Peter Starmer

There are numerous articles out there about pagination and just as many different approaches to achieving pagination of mysql data using php.

I do not intend to add another pagination script to the plethora of existing php pagination scripts but what I will do is add a simple piece of script that is often omitted from pagination scripts.
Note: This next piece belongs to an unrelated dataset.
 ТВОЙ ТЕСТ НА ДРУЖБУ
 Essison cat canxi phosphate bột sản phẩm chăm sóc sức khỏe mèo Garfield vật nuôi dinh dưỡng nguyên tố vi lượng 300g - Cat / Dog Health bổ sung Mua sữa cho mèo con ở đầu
A simple script yet invaluable for passing data across paginated webpages.  A good pagination script will not need this hack but I have posted the solution in response to a call for help.

Scenario
You already have a mysql database set up and are happy with inserting, updating, deleting data to your mysql database.

You know how to retrieve mysql results with php and display the results using tables and so on.

You have found/written a php pagination script that handles your query and it all works well until….

you use a form to send information to your paginated page, it displays the first page list of results but not the second or third or… so on.

The problem
The problem is caused because you have not sent the Form GET – POST information onto the subsequent paginated pages (I know you scream, but how do I fix this).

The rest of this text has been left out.